2. De basistarieven worden vastgesteld:
a. op basis van reële kostprijzen van de onderscheidenlijke vormen van begeleiding; en
b. uitgaande van inzet van personeel door de aanbieder tegen arbeidsvoorwaarden die passen bij de vereiste vaardigheden benodigd voor het leveren van begeleiding.
3. Het college van burgemeester en wethouders neemt bij het aangaan van overeenkomsten met derden over het verlenen van begeleiding de door de gemeenteraad vastgestelde basistarieven in acht.
4. Bij of krachtens algemene maatregel van bestuur kunnen nadere regels worden gesteld omtrent de vaststelling van de in het eerste lid bedoelde basistarieven en de in het tweede lid bedoelde arbeidsvoorwaarden.
5. Het ontwerp van een krachtens het vierde lid vast te stellen algemene maatregel van bestuur wordt aan de beide kamers der Staten-Generaal overgelegd. De voordracht voor de vast te stellen algemene maatregel van bestuur kan worden gedaan nadat vier weken na de overlegging zijn verstreken, tenzij binnen die termijn door of namens een der kamers of door ten minste een vijfde van het grondwettelijk aantal leden van een der kamers de wens te kennen wordt gegeven dat het onderwerp van de algemene maatregel van bestuur bij wet wordt geregeld. In dat geval wordt een daartoe strekkend voorstel van wet zo spoedig mogelijk ingediend.
1. Indien het college van burgemeester en wethouders het verlenen van begeleiding door derden laat verrichten, waarborgt het college daarbij de kwaliteit en de continuïteit van de begeleiding.
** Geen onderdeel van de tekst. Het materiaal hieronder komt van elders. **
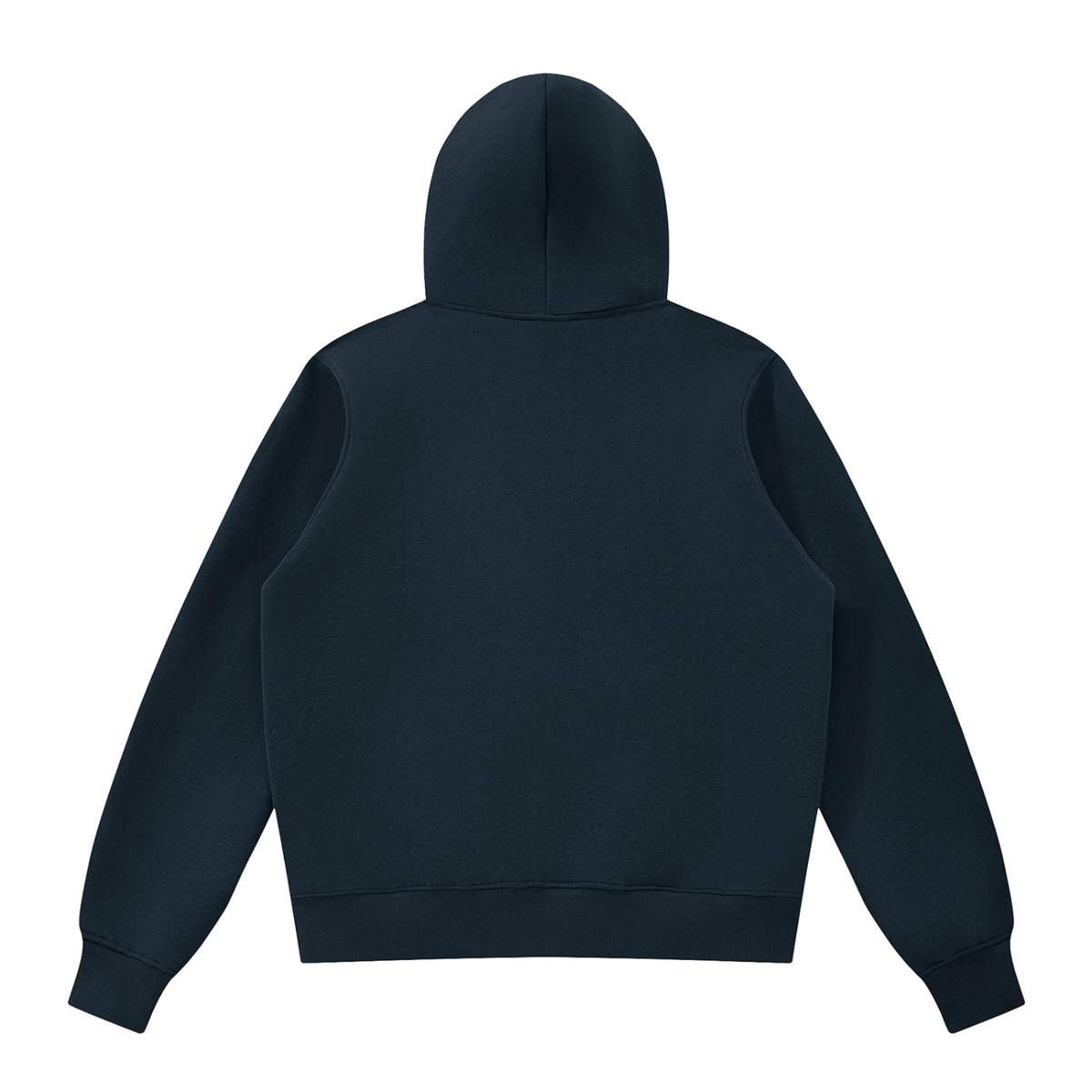 Navy Signature Full Zip Fleeced Jacket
2. Bij of krachtens algemene maatregel van bestuur kunnen nadere regels worden gesteld omtrent de verplichting van het college van burgemeester en wethouders, bedoeld in het eerste lid.
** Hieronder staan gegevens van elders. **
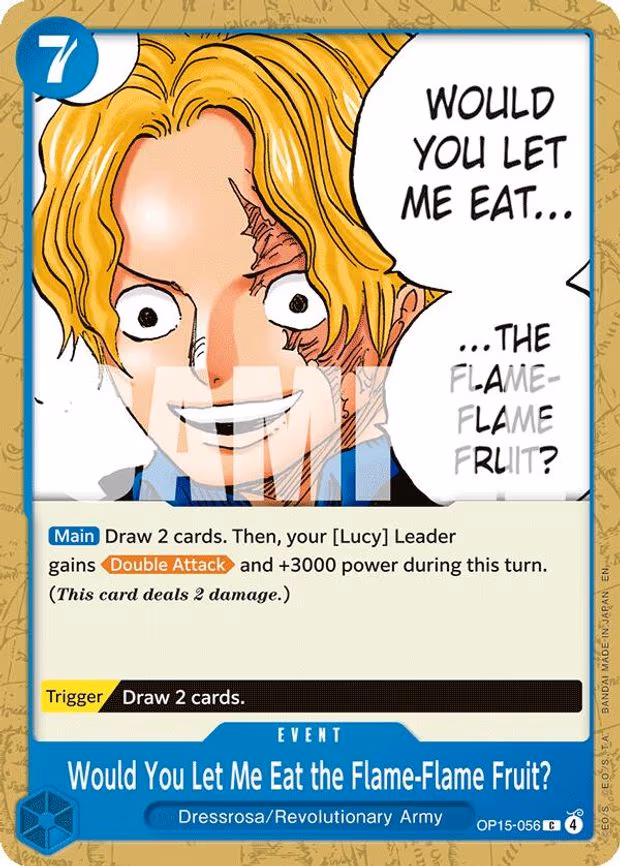 Would You Let Me Eat the Flame-Flame Fruit? - C (OP15-056)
Met dit amendement beoogt de indiener een basistarief te introduceren voor de functie begeleiding. De indiener volgt hiervoor dezelfde systematiek als de aanvaarde initiatiefwet die dit regelt voor de huishoudelijke verzorging.
Het vaststellen van een basistarief geschiedt door de gemeenteraad. Dat kan op voorstel van college van B en W, maar ook op initiatief van de gemeenteraad zelf. Het basistarief wordt vastgesteld op basis van geformuleerde kwaliteitseisen, die gesteld worden aan begeleiding dat als overheidsopdracht door derden wordt uitgevoerd.
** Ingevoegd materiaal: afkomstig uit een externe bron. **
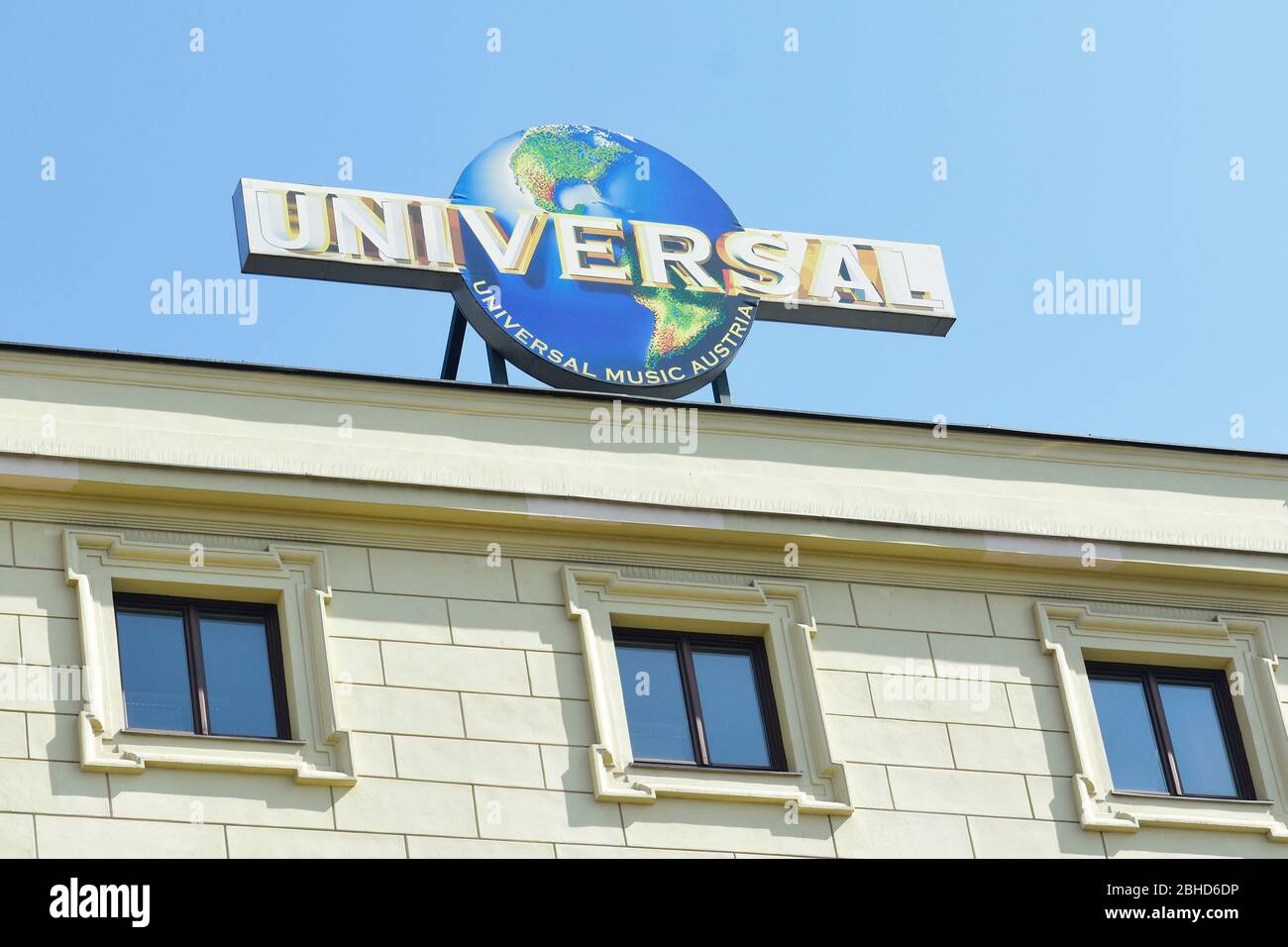 Vienna, Austria. Gruppo musicale universale di Vienna Foto Stock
De indiener is van mening dat dit amendement leidt tot meer overeenstemming binnen de Wmo als het gaat om het vaststellen van kwaliteitseisen op het gebied van de overheidsopdrachten ten aanzien van begeleiding en huishoudelijke verzorging.
Voor dit amendement zijn geen financiële gevolgen te verwachten. De efficiencykorting van 5%, die de regering beoogt, wordt namelijk verwacht door het afstemmen van begeleiding en niet door loonsverlagingen van mensen die werken als begeleider.